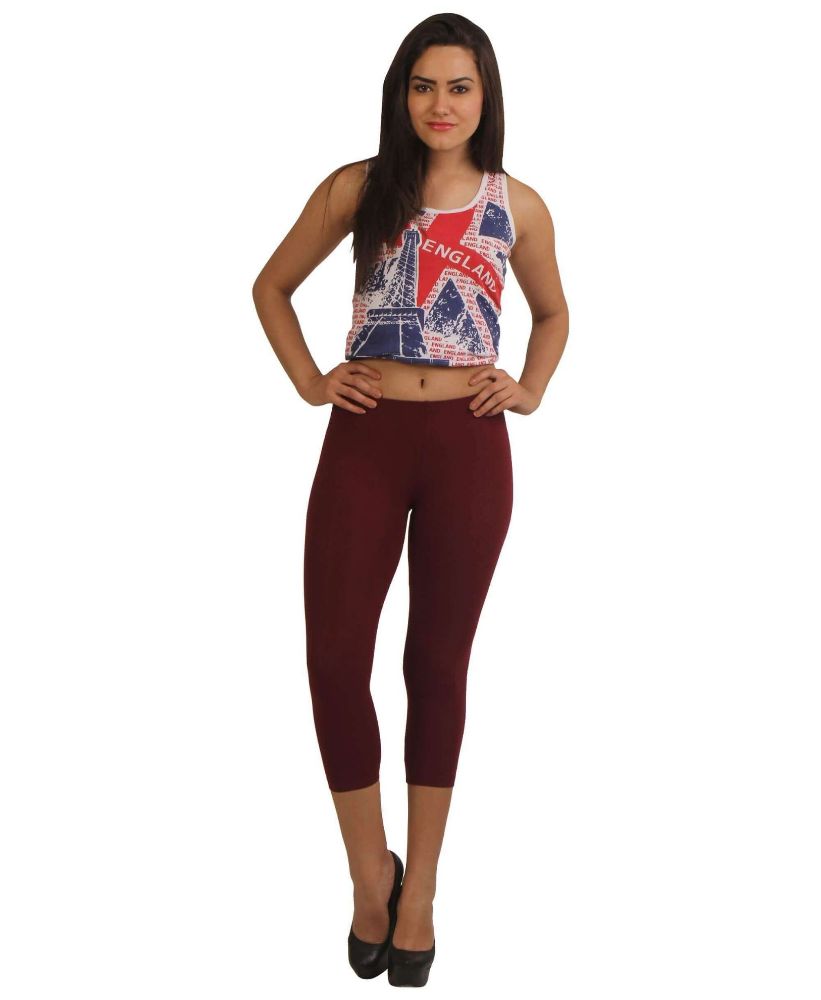 Picture of Frenchtrendz Cotton Spandex Dark Maroon Leggings Capris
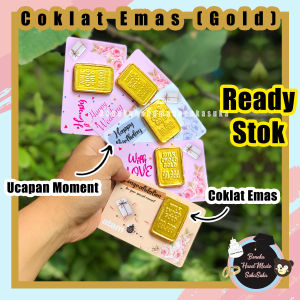 Cokelat Emas Batangan Tipe Gift Card & Cokelat Ucapan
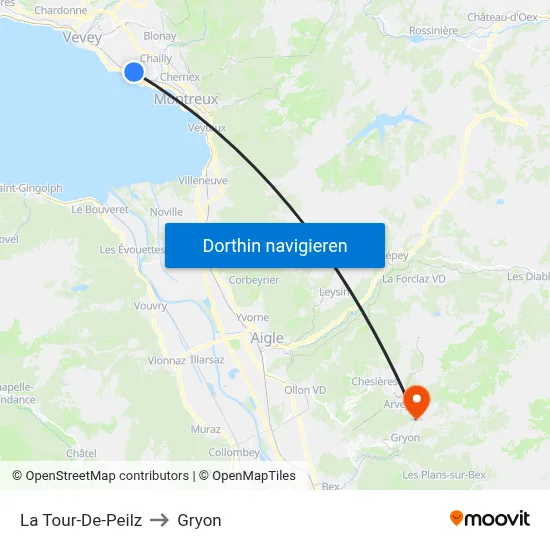La Tour-De-Peilz to Gryon map
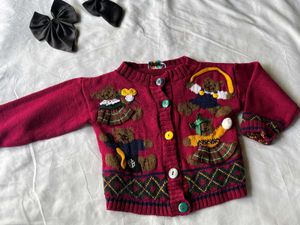 Adorable Teddy Bear Cardigan for Girls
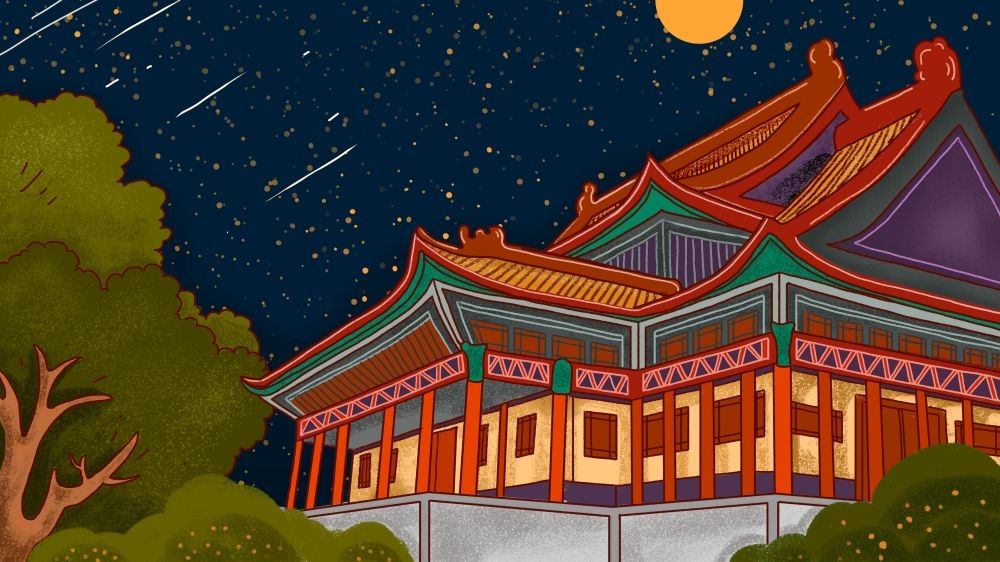 古建筑中国风国潮城市海报插画扁平印象地标 (88)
= = = =
**The task:** Please copy the preceding records exactly and omit the images.

**Reply:**
 Picture of Frenchtrendz Cotton Spandex Dark Maroon Leggings Capris
 Cokelat Emas Batangan Tipe Gift Card & Cokelat Ucapan
La Tour-De-Peilz to Gryon map
 Adorable Teddy Bear Cardigan for Girls
 古建筑中国风国潮城市海报插画扁平印象地标 (88)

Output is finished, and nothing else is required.